Aim of the task =>
Among the entries below, one stretch runs from the line that contains "米芾毛笔行书朝字的写法,摘自米芾书法作品蜀素帖" through the line that contains "音像创业生态系统的网络特与新企业绩效王玲". Repeat that stretch exactly, ends included, and only that.

(Records drawn from a dataset)
↓

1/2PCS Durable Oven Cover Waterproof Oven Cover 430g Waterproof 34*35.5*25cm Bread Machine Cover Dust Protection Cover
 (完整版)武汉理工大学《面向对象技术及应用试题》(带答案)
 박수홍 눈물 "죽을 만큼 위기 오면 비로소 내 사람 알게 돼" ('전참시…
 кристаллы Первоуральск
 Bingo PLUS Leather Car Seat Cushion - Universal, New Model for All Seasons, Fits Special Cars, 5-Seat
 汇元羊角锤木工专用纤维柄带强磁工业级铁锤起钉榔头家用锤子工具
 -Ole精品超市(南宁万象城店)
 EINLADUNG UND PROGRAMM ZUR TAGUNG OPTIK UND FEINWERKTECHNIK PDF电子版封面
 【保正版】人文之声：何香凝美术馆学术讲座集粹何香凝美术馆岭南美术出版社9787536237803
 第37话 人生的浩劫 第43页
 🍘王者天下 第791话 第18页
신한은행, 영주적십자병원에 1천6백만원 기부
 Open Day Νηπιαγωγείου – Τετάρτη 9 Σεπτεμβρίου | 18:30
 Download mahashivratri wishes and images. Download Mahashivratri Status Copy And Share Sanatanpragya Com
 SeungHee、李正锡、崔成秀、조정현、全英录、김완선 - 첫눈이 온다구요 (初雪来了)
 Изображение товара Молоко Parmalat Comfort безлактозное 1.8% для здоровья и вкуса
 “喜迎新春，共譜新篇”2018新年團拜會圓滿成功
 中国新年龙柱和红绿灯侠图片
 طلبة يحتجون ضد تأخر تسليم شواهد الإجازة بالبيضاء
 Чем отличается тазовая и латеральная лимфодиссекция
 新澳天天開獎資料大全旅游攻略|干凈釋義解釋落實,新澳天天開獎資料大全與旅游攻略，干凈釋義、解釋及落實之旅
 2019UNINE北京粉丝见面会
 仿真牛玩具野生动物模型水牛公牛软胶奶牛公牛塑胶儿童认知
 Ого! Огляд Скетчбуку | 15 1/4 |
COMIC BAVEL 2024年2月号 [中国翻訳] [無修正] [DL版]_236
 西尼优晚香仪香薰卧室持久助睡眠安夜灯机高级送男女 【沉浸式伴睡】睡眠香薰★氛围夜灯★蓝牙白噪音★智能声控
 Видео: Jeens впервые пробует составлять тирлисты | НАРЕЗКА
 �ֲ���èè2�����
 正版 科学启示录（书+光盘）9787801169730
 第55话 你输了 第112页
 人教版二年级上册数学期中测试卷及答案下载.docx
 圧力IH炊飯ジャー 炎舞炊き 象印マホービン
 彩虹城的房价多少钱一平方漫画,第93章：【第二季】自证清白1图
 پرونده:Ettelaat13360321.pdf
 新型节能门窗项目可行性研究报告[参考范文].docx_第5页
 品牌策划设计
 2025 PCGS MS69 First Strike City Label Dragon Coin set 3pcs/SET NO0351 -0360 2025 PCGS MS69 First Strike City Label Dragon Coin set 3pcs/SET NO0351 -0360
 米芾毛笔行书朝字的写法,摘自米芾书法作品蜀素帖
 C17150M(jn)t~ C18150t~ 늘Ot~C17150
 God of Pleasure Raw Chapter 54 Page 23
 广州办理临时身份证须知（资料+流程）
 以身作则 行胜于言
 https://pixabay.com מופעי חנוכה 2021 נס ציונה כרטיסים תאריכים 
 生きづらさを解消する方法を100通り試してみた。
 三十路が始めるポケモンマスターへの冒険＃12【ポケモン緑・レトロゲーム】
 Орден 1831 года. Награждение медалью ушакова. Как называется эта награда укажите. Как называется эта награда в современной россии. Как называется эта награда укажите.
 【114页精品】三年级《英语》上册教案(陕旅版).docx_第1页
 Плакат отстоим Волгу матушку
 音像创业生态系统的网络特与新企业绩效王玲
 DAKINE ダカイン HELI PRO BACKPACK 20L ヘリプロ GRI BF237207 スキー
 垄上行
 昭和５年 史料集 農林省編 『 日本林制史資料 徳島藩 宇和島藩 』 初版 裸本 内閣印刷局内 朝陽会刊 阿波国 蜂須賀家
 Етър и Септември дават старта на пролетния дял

↑

Answer space =>
 米芾毛笔行书朝字的写法,摘自米芾书法作品蜀素帖
 C17150M(jn)t~ C18150t~ 늘Ot~C17150
 God of Pleasure Raw Chapter 54 Page 23
 广州办理临时身份证须知（资料+流程）
 以身作则 行胜于言
 https://pixabay.com מופעי חנוכה 2021 נס ציונה כרטיסים תאריכים 
 生きづらさを解消する方法を100通り試してみた。
 三十路が始めるポケモンマスターへの冒険＃12【ポケモン緑・レトロゲーム】
 Орден 1831 года. Награждение медалью ушакова. Как называется эта награда укажите. Как называется эта награда в современной россии. Как называется эта награда укажите.
 【114页精品】三年级《英语》上册教案(陕旅版).docx_第1页
 Плакат отстоим Волгу матушку
 音像创业生态系统的网络特与新企业绩效王玲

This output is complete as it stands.